■ What to work on: What appears from the line containing "Rootz 180 cm" to the end of the listing below should be copied exactly, with no other lines.

■ Supplied data:

>>>

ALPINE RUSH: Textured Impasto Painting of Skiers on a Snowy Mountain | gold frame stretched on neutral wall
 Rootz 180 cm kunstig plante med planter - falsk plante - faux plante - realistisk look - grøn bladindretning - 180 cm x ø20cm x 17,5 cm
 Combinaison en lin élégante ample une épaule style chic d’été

<<<

■ Written reply:
 Rootz 180 cm kunstig plante med planter - falsk plante - faux plante - realistisk look - grøn bladindretning - 180 cm x ø20cm x 17,5 cm
 Combinaison en lin élégante ample une épaule style chic d’été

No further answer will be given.